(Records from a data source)
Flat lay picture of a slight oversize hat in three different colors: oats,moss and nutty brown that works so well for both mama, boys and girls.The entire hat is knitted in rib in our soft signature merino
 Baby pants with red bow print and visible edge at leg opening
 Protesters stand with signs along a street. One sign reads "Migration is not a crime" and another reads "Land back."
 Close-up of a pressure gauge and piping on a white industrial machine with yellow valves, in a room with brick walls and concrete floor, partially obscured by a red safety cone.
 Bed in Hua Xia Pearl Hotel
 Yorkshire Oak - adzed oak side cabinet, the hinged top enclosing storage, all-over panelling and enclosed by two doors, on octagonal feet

Problem to solve: Lines from the one containing "Close-up of a" through the last line of the records, both included, are the only ones to print, each exactly as it is.

Exercise output:
 Close-up of a pressure gauge and piping on a white industrial machine with yellow valves, in a room with brick walls and concrete floor, partially obscured by a red safety cone.
 Bed in Hua Xia Pearl Hotel
 Yorkshire Oak - adzed oak side cabinet, the hinged top enclosing storage, all-over panelling and enclosed by two doors, on octagonal feet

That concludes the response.